Leaving Philly, our next destination brought us South to Delaware. Researching things to do, not a whole lot really came up (it’s the winter, too), so I asked friends in the area to see if they had any suggestions. This was the most common response:
But one thing did draw us there and it’s one place that I’ve wanted to visit for a long, long time.
You’ve probably seen the 60 or 90 minute IPA in stores, but what I love about Dogfish Head is their ability to take some off-the-wall ideas and execute them, exemplified best by the Ancient Ales series.
It took me a while to even learn about this series, but they teamed up with an archaeologist that specializes in ancient drinking vessels. Using scrapings from pots in ruins, the archaeologist analyzed the compentnes of each drink and Dogfish Head brewed them. I’m sure the results were different than the 1,500+ year old version of the drink, but tasty history is pretty neat.
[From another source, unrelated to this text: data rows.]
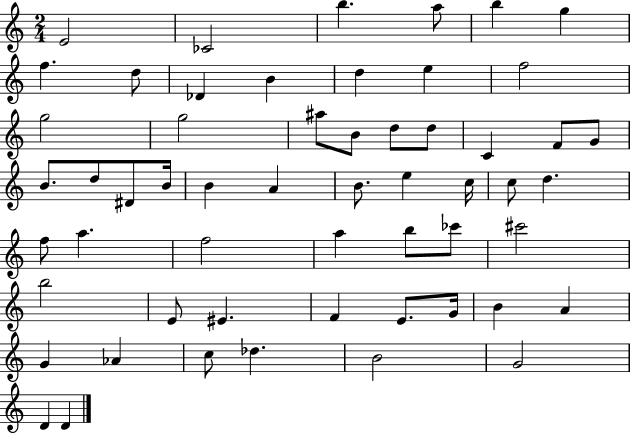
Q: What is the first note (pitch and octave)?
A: E4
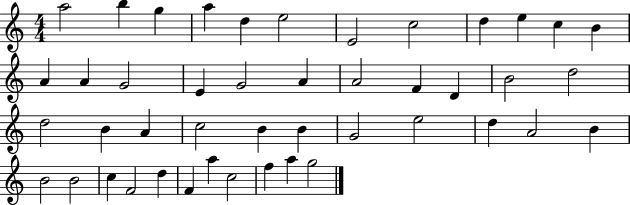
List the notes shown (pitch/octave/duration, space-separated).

A5/h B5/q G5/q A5/q D5/q E5/h E4/h C5/h D5/q E5/q C5/q B4/q A4/q A4/q G4/h E4/q G4/h A4/q A4/h F4/q D4/q B4/h D5/h D5/h B4/q A4/q C5/h B4/q B4/q G4/h E5/h D5/q A4/h B4/q B4/h B4/h C5/q F4/h D5/q F4/q A5/q C5/h F5/q A5/q G5/h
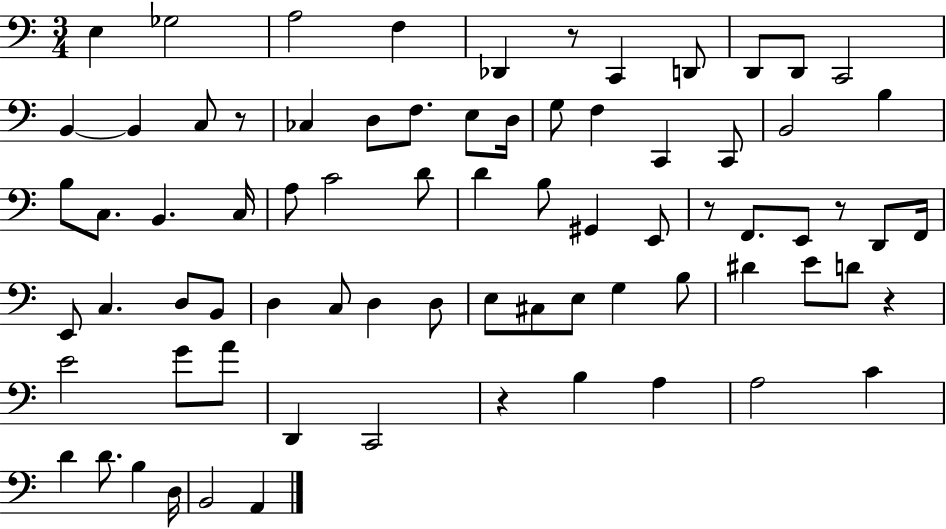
E3/q Gb3/h A3/h F3/q Db2/q R/e C2/q D2/e D2/e D2/e C2/h B2/q B2/q C3/e R/e CES3/q D3/e F3/e. E3/e D3/s G3/e F3/q C2/q C2/e B2/h B3/q B3/e C3/e. B2/q. C3/s A3/e C4/h D4/e D4/q B3/e G#2/q E2/e R/e F2/e. E2/e R/e D2/e F2/s E2/e C3/q. D3/e B2/e D3/q C3/e D3/q D3/e E3/e C#3/e E3/e G3/q B3/e D#4/q E4/e D4/e R/q E4/h G4/e A4/e D2/q C2/h R/q B3/q A3/q A3/h C4/q D4/q D4/e. B3/q D3/s B2/h A2/q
I was naturally excited, but then we toured the brewery and I have this to say: this is what brewery tours should be.
The outside has bocce, cornhole, and all the other games that have been deemed necessary to open a brewpub, but you are greeted by a neat little tower that once graced Burning Man. They paid $1 for it and a whole lot more than $1 to have it shipped and erected on site.
Then came the tasting room. As soon as you walk in, you get a mat for four drinks, free of charge. That’s whether you are joining a tour or buying anything, they just give you the chance to sample four drinks right off the bat. Being the extremely large operation that they are, this is an easy thing for them to do (like Radiohead giving an album away for free once they already have more money than they know what to do with), but with 20 beers on tap, odds are good that people who sample four will either buy a pint or buy samples 5 and on. We did both.
Tours are free, frequent, and you are allowed to take pictures of anything. There’s no secrets, but you don’t see anyone brewing. You do see a massive operation in full swing, though, which is really cool to see. I love touring the small breweries, too, but it was nice to see a large scale operation that still churns out amazing beer. Basically, I hope all my favorite breweries achieve this level of success.
Here’s some shots from the tour:
I’d like to say that we did other things in Delaware, but we didn’t. The next closest adventure we had in the second smallest state was walk around a dollar store imagining what it would be like to have to eat a week of food from just that store (it wouldn’t be as hard or bad and I suspected, surprisingly, but I’m not sure that’s a good thing). Seriously. that’s it.
I’m sure that there are some gung-ho Delaware lovers out there and to you I say: we did not give this state a fair shot. My opinion is biased.
You also have one of the greatest brew-operations in the nation.